Records shown:

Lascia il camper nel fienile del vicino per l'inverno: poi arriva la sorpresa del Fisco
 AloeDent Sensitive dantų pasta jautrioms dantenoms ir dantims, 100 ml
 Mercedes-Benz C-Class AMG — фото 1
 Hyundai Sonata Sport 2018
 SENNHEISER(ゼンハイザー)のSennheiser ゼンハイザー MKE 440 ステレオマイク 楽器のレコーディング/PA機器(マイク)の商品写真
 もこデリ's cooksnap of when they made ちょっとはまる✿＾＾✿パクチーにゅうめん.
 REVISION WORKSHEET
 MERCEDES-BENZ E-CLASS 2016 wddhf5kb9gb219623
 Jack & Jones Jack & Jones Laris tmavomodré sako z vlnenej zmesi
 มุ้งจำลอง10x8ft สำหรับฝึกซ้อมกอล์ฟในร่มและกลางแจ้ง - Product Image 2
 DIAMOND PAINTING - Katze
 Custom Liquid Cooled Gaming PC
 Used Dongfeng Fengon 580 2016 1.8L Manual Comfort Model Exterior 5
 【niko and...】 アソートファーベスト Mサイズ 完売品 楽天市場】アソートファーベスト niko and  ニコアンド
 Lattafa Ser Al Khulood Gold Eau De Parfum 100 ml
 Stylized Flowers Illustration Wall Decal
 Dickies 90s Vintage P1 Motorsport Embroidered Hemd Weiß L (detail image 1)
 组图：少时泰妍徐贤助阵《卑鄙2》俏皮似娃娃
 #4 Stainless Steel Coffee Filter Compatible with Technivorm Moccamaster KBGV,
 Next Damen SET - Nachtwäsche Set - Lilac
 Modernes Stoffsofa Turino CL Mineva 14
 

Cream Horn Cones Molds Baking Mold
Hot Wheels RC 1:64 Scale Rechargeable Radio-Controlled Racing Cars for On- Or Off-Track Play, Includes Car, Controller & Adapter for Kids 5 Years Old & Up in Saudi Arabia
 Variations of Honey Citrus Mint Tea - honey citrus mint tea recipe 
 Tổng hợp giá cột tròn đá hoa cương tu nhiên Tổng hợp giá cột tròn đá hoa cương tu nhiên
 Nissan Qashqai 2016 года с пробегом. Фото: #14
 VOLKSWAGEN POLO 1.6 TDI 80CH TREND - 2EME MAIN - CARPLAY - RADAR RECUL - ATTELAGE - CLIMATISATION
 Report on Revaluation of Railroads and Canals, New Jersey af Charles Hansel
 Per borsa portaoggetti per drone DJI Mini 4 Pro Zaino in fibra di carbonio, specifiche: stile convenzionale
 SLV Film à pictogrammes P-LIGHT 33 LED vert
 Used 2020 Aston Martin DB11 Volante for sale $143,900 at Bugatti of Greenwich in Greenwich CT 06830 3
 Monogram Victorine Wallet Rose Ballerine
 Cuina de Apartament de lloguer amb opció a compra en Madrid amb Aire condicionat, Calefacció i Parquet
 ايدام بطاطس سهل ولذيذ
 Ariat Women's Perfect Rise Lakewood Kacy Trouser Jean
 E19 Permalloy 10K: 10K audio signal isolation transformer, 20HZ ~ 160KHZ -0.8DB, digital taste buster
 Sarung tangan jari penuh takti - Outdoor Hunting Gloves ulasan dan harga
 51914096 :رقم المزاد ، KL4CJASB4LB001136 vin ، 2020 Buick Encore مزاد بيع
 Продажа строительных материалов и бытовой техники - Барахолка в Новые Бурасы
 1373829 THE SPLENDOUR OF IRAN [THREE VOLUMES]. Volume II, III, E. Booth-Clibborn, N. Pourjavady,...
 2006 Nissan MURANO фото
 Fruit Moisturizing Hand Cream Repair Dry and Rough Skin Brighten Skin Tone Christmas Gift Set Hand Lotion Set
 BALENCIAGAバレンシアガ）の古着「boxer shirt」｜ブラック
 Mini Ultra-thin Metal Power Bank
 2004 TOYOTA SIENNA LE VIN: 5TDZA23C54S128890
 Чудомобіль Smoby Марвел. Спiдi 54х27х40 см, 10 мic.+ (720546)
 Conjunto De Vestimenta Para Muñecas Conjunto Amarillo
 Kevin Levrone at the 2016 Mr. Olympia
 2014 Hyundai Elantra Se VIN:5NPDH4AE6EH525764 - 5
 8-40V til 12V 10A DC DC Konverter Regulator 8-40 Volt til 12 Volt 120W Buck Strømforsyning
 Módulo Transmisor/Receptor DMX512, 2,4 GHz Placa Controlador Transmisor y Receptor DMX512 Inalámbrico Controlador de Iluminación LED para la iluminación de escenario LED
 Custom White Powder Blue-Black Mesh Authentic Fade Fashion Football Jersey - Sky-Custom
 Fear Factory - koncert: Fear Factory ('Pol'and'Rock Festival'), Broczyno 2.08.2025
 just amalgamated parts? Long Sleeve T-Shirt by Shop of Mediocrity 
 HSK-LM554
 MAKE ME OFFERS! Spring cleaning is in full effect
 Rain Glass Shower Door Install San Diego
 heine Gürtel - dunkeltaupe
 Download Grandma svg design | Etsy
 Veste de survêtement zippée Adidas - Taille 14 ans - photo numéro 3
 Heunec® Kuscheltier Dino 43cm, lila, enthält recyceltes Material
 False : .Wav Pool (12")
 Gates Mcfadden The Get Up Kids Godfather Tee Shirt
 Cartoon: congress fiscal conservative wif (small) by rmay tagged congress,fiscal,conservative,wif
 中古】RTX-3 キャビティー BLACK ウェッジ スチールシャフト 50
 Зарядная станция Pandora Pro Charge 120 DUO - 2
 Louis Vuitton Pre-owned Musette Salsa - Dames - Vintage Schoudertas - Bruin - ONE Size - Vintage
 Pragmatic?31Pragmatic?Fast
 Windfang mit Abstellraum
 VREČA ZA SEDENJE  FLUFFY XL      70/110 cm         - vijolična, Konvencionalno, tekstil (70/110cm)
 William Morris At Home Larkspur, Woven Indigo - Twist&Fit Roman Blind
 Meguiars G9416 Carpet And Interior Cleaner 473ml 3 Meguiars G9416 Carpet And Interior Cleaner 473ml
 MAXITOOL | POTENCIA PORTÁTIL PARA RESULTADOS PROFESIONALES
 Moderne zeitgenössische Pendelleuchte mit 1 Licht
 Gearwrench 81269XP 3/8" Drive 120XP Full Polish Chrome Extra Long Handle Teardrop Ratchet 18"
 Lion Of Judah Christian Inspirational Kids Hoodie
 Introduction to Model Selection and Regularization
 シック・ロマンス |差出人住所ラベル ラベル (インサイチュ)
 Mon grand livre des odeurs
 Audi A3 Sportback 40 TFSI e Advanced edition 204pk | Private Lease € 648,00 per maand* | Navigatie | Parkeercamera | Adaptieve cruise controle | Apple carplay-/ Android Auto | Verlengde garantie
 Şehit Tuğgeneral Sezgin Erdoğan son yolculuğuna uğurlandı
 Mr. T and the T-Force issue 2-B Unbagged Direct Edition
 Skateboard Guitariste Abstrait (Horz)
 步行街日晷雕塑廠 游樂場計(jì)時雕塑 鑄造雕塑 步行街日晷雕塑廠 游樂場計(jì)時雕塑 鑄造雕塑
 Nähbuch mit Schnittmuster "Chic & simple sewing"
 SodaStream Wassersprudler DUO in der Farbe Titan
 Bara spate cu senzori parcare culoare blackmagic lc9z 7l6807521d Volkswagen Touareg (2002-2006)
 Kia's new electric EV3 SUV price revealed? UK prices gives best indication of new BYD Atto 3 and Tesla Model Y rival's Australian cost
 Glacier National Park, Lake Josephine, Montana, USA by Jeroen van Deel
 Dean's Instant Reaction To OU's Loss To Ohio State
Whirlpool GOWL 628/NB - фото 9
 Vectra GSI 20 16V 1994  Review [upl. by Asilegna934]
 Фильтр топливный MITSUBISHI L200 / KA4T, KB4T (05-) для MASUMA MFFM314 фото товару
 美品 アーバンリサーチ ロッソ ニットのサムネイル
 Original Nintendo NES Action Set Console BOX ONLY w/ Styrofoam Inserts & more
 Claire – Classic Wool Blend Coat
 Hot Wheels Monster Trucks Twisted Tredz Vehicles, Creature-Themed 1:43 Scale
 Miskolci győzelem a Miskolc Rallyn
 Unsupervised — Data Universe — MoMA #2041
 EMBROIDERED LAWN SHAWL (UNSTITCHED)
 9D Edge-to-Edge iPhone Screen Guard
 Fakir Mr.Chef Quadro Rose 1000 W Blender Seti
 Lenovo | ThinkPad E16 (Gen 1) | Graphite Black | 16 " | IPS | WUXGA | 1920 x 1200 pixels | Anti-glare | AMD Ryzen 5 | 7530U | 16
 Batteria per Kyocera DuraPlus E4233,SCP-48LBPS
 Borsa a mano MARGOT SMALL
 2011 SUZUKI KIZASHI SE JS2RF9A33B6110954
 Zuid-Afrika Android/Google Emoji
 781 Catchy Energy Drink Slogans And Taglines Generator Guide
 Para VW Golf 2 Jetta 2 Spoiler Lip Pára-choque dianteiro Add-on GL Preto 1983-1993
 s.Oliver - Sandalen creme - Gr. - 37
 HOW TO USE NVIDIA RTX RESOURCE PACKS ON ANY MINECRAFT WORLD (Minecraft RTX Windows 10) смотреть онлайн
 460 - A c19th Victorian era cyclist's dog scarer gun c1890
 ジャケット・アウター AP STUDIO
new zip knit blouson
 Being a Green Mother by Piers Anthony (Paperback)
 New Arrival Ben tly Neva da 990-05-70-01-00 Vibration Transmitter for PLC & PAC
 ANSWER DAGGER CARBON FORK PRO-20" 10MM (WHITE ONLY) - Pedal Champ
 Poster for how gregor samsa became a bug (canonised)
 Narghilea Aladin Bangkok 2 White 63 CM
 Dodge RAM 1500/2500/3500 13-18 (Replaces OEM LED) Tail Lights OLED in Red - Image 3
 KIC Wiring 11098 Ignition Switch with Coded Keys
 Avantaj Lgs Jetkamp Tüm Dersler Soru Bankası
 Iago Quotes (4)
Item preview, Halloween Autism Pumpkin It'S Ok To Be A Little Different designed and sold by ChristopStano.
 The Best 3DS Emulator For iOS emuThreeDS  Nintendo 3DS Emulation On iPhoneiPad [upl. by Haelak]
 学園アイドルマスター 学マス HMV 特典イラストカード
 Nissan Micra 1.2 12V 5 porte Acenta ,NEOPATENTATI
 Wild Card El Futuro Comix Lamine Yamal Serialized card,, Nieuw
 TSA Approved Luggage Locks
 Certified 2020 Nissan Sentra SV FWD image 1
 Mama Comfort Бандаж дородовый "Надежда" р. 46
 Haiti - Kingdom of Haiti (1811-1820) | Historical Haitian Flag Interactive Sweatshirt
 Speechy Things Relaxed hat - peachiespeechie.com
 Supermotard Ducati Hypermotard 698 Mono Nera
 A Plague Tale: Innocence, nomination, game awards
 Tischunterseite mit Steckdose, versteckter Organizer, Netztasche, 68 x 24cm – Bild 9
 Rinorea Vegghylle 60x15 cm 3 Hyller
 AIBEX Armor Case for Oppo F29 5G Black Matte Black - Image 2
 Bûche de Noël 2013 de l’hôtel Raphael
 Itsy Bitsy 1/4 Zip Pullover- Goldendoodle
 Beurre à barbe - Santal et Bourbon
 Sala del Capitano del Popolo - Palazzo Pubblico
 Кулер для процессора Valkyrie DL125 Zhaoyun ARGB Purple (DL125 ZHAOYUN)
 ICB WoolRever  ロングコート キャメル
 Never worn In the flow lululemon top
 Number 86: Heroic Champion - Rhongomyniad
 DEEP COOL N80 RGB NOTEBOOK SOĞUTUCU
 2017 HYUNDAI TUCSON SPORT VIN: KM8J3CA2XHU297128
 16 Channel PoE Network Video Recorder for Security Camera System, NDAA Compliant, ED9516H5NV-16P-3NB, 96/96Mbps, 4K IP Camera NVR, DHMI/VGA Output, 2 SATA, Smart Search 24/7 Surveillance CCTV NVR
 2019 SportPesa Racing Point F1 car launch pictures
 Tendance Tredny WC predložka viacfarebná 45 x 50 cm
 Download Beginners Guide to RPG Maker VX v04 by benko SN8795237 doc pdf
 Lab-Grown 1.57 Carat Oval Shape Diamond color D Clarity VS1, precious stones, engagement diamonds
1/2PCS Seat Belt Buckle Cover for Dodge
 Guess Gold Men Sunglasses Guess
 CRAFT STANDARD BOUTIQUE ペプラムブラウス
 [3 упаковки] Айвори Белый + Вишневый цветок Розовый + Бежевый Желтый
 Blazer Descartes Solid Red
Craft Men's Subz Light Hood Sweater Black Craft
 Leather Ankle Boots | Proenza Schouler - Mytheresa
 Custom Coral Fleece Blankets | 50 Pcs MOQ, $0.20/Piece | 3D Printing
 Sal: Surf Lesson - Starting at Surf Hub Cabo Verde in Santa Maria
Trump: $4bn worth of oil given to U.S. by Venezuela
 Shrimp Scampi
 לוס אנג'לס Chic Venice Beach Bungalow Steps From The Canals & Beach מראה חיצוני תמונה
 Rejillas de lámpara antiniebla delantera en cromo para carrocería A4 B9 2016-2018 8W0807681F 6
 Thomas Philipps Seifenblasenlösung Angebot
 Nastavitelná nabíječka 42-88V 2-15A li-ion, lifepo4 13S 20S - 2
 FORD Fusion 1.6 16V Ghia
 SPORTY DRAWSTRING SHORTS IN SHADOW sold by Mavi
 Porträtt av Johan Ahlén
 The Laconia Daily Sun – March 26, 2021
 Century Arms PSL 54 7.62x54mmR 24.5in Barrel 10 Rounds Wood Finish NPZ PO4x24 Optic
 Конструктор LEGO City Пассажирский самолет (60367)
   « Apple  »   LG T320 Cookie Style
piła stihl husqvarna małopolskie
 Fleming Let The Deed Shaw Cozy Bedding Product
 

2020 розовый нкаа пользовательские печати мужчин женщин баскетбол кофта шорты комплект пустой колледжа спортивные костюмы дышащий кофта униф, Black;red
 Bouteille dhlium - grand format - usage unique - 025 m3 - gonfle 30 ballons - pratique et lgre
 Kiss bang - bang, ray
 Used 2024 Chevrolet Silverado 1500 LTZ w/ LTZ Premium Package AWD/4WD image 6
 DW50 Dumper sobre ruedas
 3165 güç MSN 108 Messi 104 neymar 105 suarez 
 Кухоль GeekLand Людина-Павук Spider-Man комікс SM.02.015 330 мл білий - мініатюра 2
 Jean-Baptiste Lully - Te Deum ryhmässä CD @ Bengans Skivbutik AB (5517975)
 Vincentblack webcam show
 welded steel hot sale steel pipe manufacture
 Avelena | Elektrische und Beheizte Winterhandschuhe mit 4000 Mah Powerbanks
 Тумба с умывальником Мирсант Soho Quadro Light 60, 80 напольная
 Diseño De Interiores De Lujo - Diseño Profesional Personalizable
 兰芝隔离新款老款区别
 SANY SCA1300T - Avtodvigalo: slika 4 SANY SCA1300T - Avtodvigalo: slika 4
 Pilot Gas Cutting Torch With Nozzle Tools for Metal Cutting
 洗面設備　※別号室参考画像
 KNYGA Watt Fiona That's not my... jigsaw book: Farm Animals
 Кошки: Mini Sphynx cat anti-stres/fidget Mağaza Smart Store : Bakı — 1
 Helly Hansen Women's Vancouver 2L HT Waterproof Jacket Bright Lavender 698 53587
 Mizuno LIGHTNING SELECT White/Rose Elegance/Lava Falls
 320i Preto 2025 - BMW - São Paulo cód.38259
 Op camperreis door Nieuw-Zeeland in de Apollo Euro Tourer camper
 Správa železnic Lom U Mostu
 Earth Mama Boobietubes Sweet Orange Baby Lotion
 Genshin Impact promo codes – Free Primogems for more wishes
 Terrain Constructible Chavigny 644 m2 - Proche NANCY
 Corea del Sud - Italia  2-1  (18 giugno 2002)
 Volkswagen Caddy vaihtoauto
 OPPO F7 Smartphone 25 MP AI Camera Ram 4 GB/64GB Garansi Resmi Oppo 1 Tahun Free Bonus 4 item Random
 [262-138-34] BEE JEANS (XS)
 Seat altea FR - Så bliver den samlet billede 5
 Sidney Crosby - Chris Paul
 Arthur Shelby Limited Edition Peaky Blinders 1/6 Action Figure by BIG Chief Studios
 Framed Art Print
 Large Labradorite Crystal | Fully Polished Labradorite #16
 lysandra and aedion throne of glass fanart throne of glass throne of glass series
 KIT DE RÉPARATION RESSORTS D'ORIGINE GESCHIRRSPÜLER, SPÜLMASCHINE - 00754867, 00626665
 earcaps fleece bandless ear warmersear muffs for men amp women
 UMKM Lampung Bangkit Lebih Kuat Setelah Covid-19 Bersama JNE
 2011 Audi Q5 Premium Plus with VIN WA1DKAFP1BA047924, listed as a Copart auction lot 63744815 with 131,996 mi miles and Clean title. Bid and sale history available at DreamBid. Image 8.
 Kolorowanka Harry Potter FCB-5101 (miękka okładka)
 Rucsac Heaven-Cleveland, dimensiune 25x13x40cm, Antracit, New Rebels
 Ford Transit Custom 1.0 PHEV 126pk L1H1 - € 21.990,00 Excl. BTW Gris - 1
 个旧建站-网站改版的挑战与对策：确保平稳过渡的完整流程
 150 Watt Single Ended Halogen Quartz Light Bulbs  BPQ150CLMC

Problem details: With "Used" as the string to find, copy every line of the records that holds it.

Answer space:
 Used Dongfeng Fengon 580 2016 1.8L Manual Comfort Model Exterior 5
 Used 2020 Aston Martin DB11 Volante for sale $143,900 at Bugatti of Greenwich in Greenwich CT 06830 3
 Used 2024 Chevrolet Silverado 1500 LTZ w/ LTZ Premium Package AWD/4WD image 6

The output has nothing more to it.